We demonstrate multiple benefits of the discovered configurations. First, we observe that configurations of patches can produce more accurate spatial coverage of the full object, especially when the most discriminative pattern corresponds to an object part. Second, any overlapping region between co-occurring visual patterns is likely to cover a part (but not the full) of the object of interest. Thus, they can be used to generate mis-localized positives as informative hard negatives for training (see white boxes in Figure 3), which can further reduce localization errors at test time.

In short, our main contribution is a weakly-supervised object detection method that automatically discovers frequent configurations of discriminative visual patterns to train robust object detectors. In our experiments on the challenging PASCAL VOC dataset, we find the inclusion of our discriminative, automatically detected configurations to outperform all existing state-of-the-art methods.

2 Related work

Weakly-supervised object detection. Object detectors have commonly been trained in a fullysupervised manner, using tight bounding box annotations that cover the object of interest (e.g., [10]). To reduce laborious bounding box annotation costs, recent weakly-supervised approaches [3, 4, 11, 21, 26, 29, 32] use image-level object-presence labels with no information on object location.
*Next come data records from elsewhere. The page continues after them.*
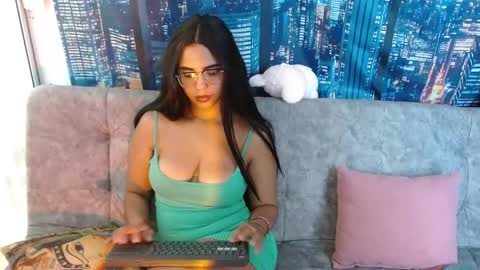 Bella Baker online show from April 2026 01:17:01 PM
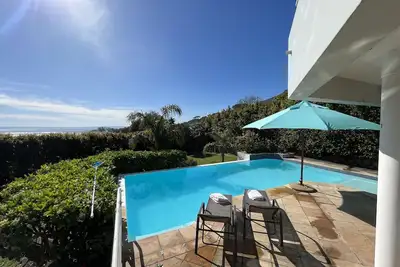 Image de Spacious villa in perfect location!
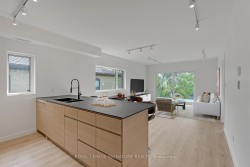 4-1254 Davenport Road  Toronto, ON M6H 2G9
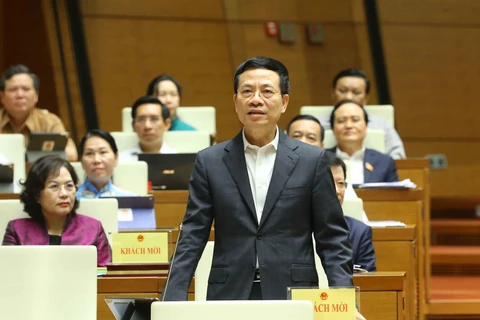 Bộ trưởng Bộ Thông tin và Truyền thông Nguyễn Mạnh Hùng trả lời câu hỏi chất vấn. (Ảnh: Doãn Tấn/TTXVN)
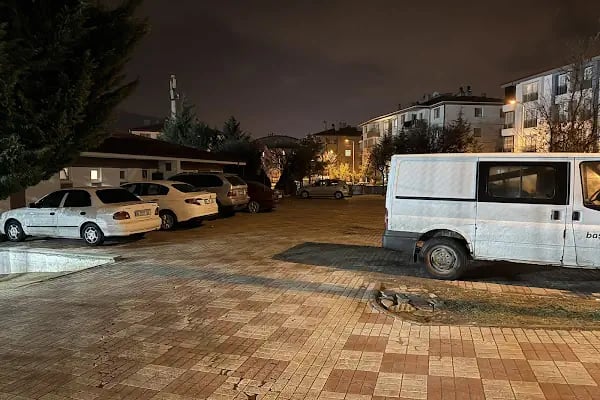 Beşikkaya Spor Tesisleri - Resim 8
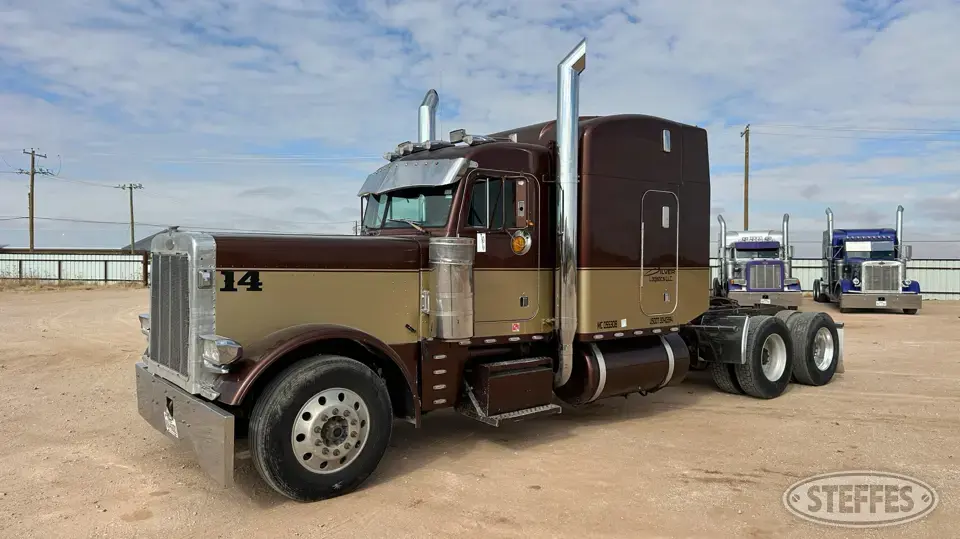 2000 Peterbilt 379EX Conventional Truck with Sleeper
Early efforts [11, 32] focused on simple datasets that have a single prominent object in each image (e.g., Caltech-101). More recent approaches [21, 26, 29] work with the more challenging PASCAL dataset that contains multiple objects in each image and large intra-category appearance variations. Of these, Song et al. [29] achieve state-of-the-art results by finding discriminative image patches that occur frequently in the positive images but rarely in the negative images, using deep Convolutional Neural Network (CNN) features [17] and a submodular cover formulation. We build on their approach to identify discriminative patches. But, contrary to [29] which assumes patches to contain entire objects, we assume patches to contain either full objects or merely object parts, and automatically piece together those patches to produce better full-object estimates. To this end, we change the covering formulation and identify patches that are both representative and explicitly mutually different. This leads to more robust object estimates and further allows our system to intelligently select hard negatives (mislocalized objects), both of which improve detection performance.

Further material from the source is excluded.